Newell tips Briggs for great things
England Lions coach Mick Newell believes it is only a matter of time before Danny Briggs plays for England.
Briggs, the 19-year-old left-arm spinner, enhanced his reputation considerably with a sparkling tour of the West Indies in which he finished as the leading bowler in the four-day domestic competition.
He flew home yesterday boasting a tally of 33 wickets at an average of 18.87, and with the words of an effusive Newell ringing in his ears.
“He’s got a very high chance of playing international cricket,” Newell told ecb.co.uk.
“He had a great tour and there’s much more to come from him. A bit more development with the Lions and he won’t be far away.”
Briggs’ impressive haul, on largely unresponsive pitches that favoured the batsmen, included match figures of 9-177 in the Lions’ last game, when Jamaica, nine wickets down in their second innings, hung on to secure a draw.
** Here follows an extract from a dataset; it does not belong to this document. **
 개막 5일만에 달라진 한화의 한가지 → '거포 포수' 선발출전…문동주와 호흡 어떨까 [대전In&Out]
It was the latest example of the growing maturity of a player of whom much is expected by the England hierarchy and his county employers, Hampshire.
“He has got good control, a change of pace and he has spun the ball more as the tour has gone on,” added Newell. “He can perform any role, whether as an attacking bowler or keeping things tight.
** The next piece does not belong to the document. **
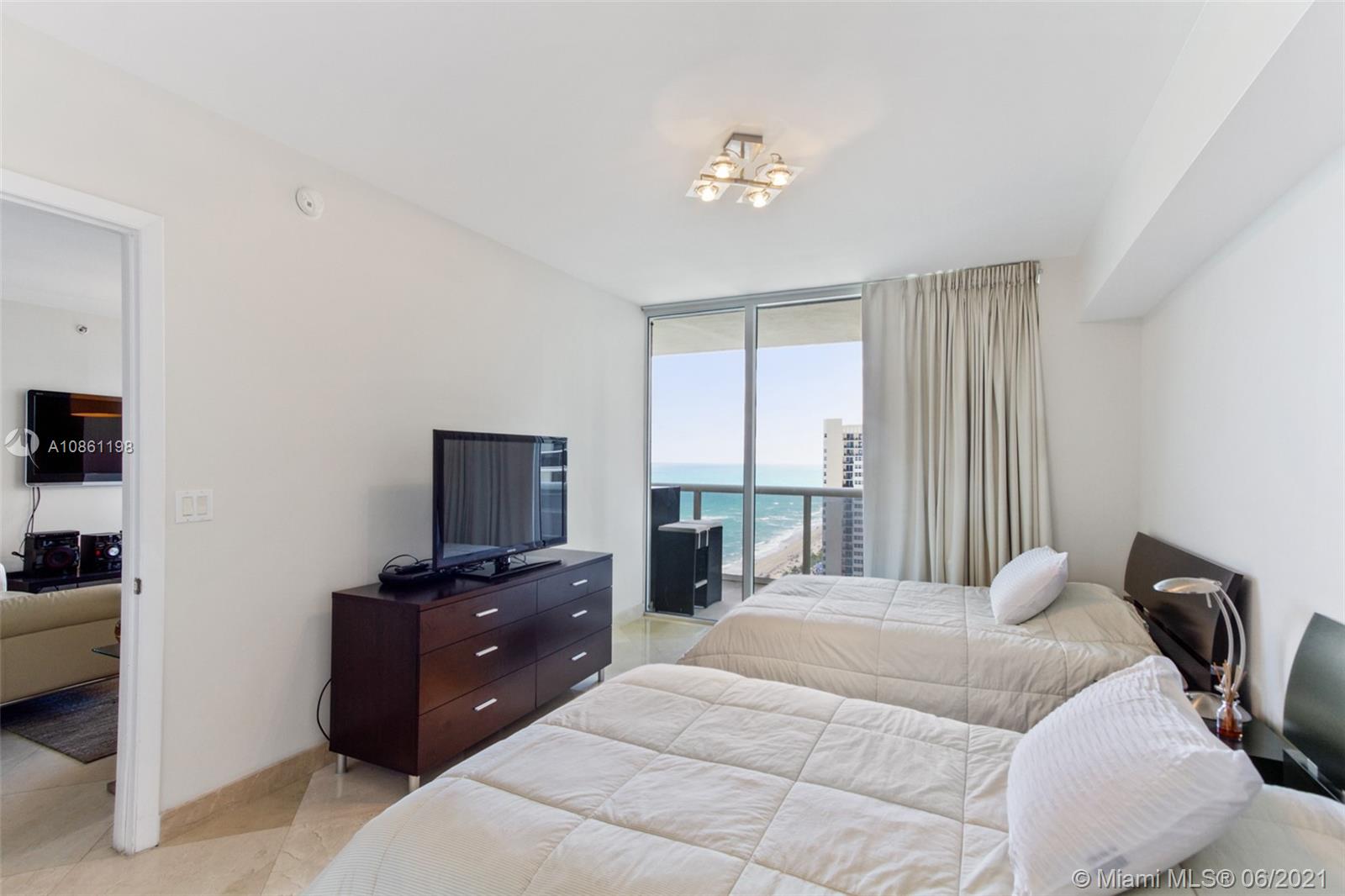 See details 1904 3 / 3 1675 sq. ft. $ 2020-05-18 0 Photo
“Against the Windward Islands he was our leading spinner,” he said, referring to Briggs’ second-innings haul of 6-45 en route a 258-run win in which Adil Rashid also played a key part.
“He has taken up the mantle. For a lad of 19, he’s a very calm character; nothing seems to phase him.
“I took Danny to Bangladesh with England Under-19s last year and I have seen the improvement since then. But he also improved over the course of this tour.”
While Briggs’ achievements were the most noteworthy aspect of a two-month tour, Newell was also keen to pay tribute to the contributions of several other members of a talented Lions squad.
Nineteen wickets at 15.63 apiece helped earn Jade Dernbach a late call-up to England’s World Cup squad, while James Hildreth, James Taylor, Andrew Gale, Craig Kieswetter and Jimmy Adams shared seven centuries.
The Lions’ failure to force the win against Jamaica which would have earned them top spot in the table - instead, they had to settle for third - was a source of obvious disappointment for Newell.
However, he can take much credit for his part in a tour which saw individual progress as well as team success.
“You want to win but you have to try and balance the two,” Newell said. “You want to give players a chance to impress. The players played at least three games and we finished unbeaten.”
Newell, as Nottinghamshire’s director of cricket, now turns his attention to their preparations for the new season, and hopes to put some of the lessons learned in the Caribbean to good use in his day job.
“I’ve missed some of Notts’ pre-season training, and I would normally be in Abu Dhabi at the moment for the MCC game,” he said.
“But from my point of view to work with different players is very useful. It’s not so much learning about specific players that Notts will come up against this season; it’s more about learning how to manage players.”